→ **DIRECTIONS FOR THIS TASK**: The output should be the listing below, limited to the lines from the one with "Диетолог дала совет, как" through the one with "2 Birkdale Drive Weaverville, NC 28787", exact and without pictures.

** EXTRACTED MATERIAL follows **

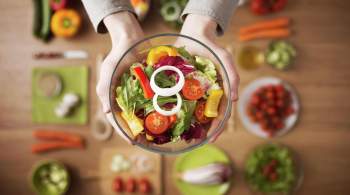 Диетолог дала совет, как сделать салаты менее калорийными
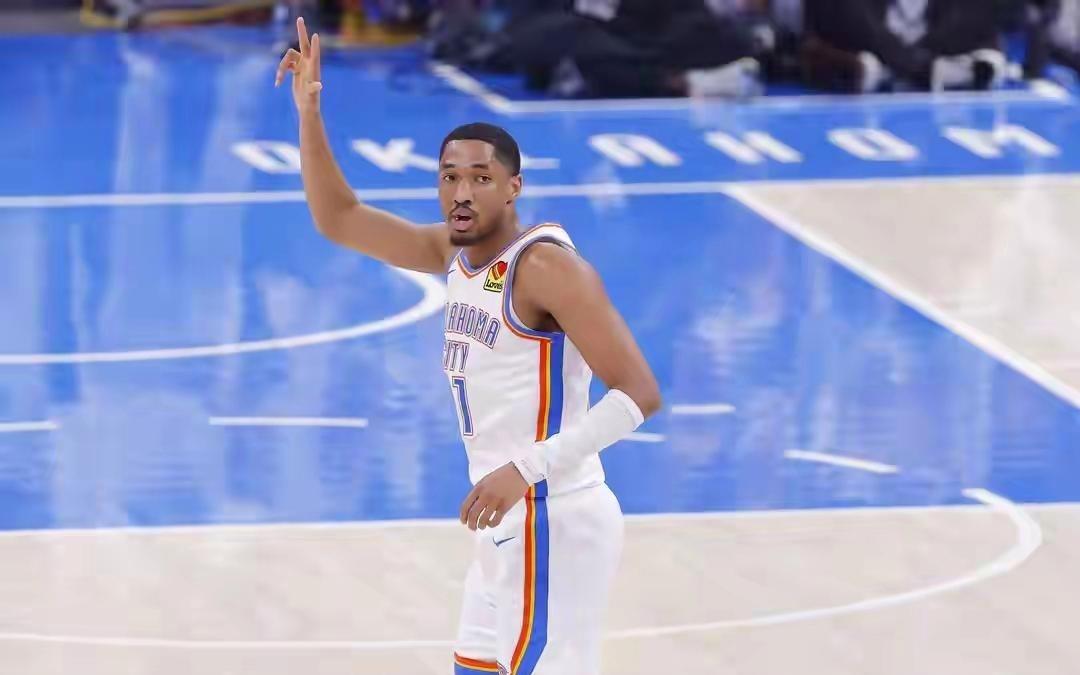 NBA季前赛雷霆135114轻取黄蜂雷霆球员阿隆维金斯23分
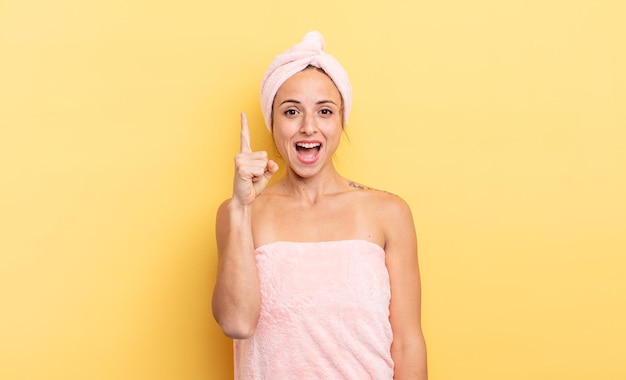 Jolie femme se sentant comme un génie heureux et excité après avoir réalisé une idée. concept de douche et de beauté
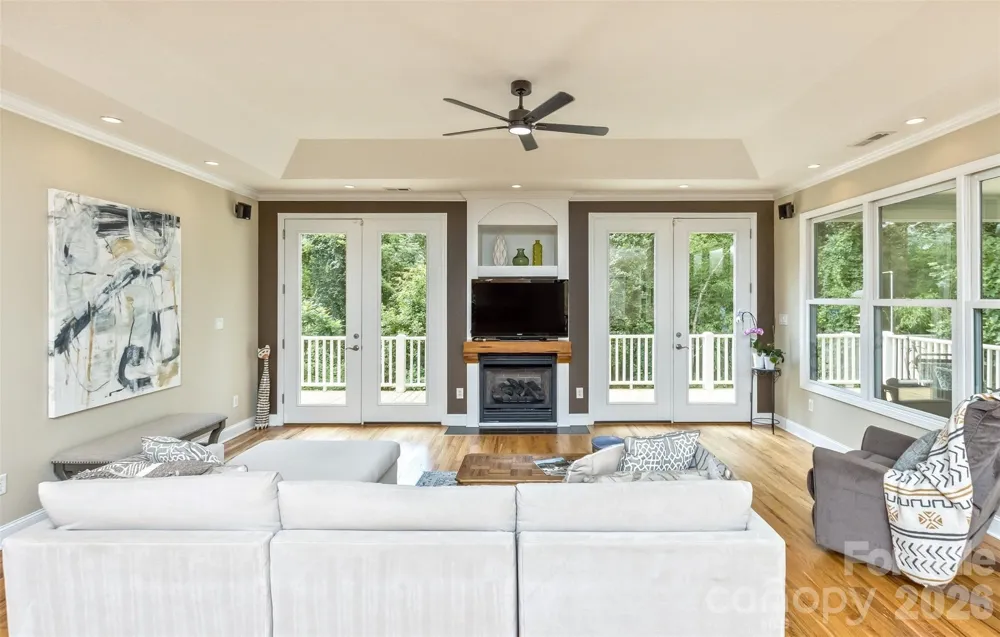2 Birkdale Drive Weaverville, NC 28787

** End of EXTRACTED MATERIAL **
** EXTRACTED MATERIAL follows **

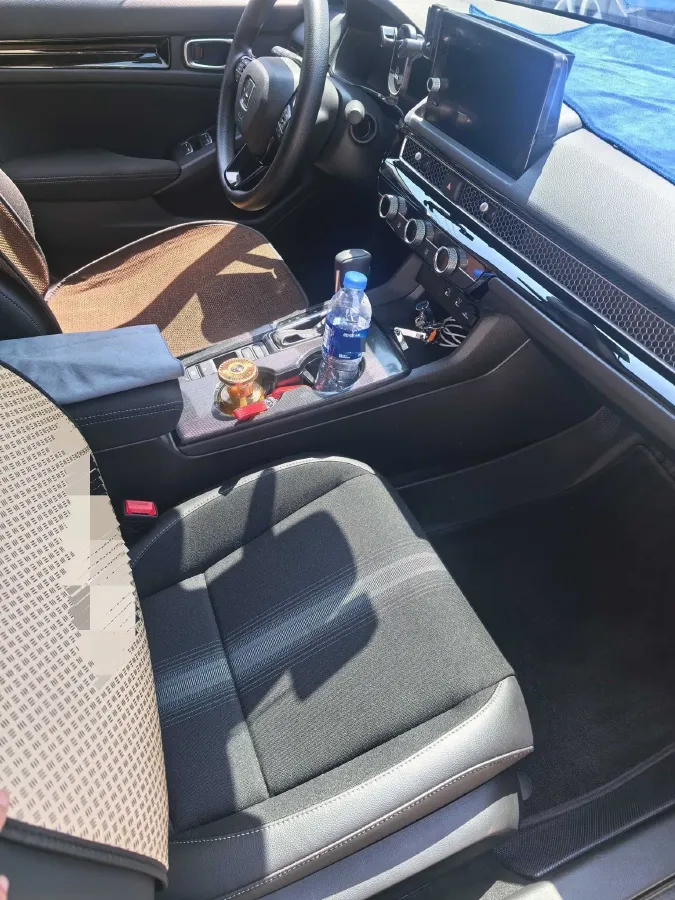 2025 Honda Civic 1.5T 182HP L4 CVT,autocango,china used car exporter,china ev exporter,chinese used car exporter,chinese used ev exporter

** End of EXTRACTED MATERIAL **
** EXTRACTED MATERIAL follows **

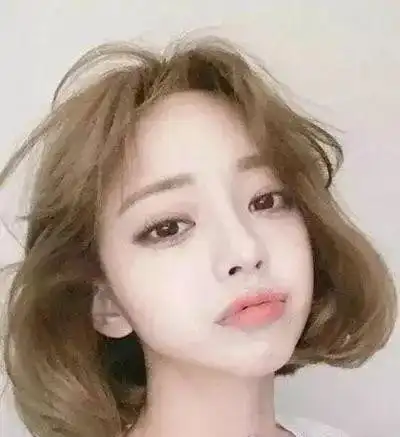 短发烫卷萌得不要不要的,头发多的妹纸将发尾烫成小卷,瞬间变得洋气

** End of EXTRACTED MATERIAL **

→ **SOLUTION FOR THIS TASK**:
 Диетолог дала совет, как сделать салаты менее калорийными
 NBA季前赛雷霆135114轻取黄蜂雷霆球员阿隆维金斯23分
 Jolie femme se sentant comme un génie heureux et excité après avoir réalisé une idée. concept de douche et de beauté
2 Birkdale Drive Weaverville, NC 28787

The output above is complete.